▶ [Activity] Exact copy, pictures excluded: print the lines from the one with "Black Pain: It" through the final line of the records.

┏━━

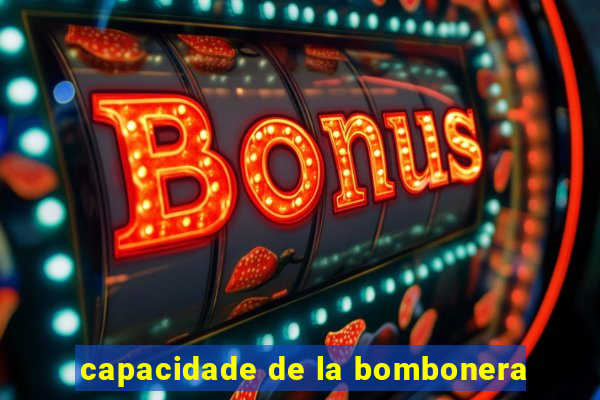 capacidade de la bombonera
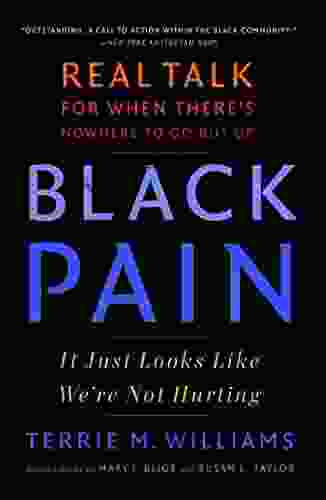Black Pain: It Just Looks Like We Re Not Hurting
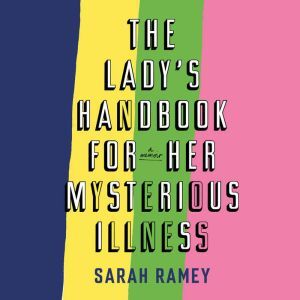 The Ladys Handbook for Her Mysteriou..., Sarah Ramey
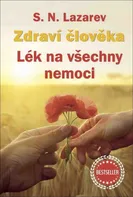 Lék na všechny nemoci - Sergej N. Lazarev (2021, brožovaná)
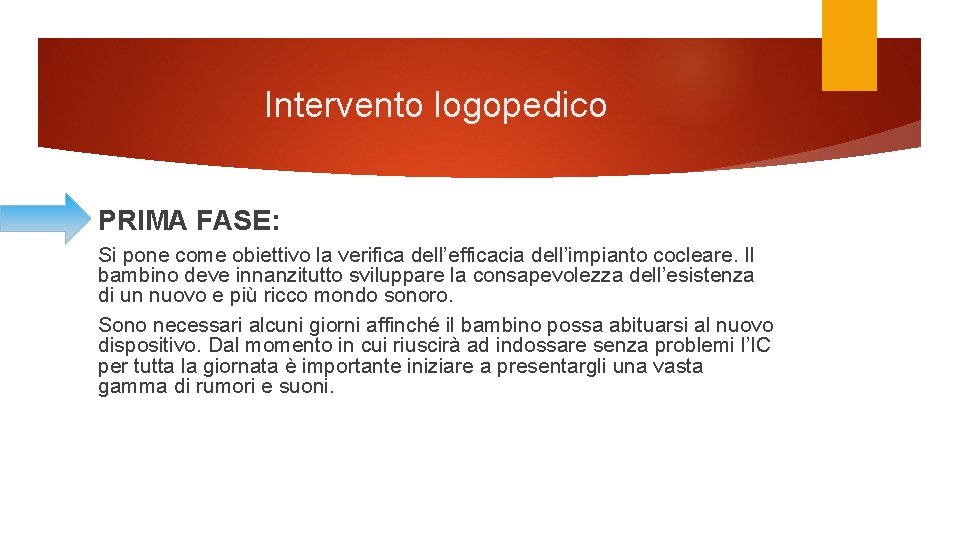 Intervento logopedico PRIMA FASE: Si pone come obiettivo la verifica dell’efficacia dell’impianto cocleare. Il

┗━━

▶ [Completed task]
Black Pain: It Just Looks Like We Re Not Hurting
 The Ladys Handbook for Her Mysteriou..., Sarah Ramey
 Lék na všechny nemoci - Sergej N. Lazarev (2021, brožovaná)
 Intervento logopedico PRIMA FASE: Si pone come obiettivo la verifica dell’efficacia dell’impianto cocleare. Il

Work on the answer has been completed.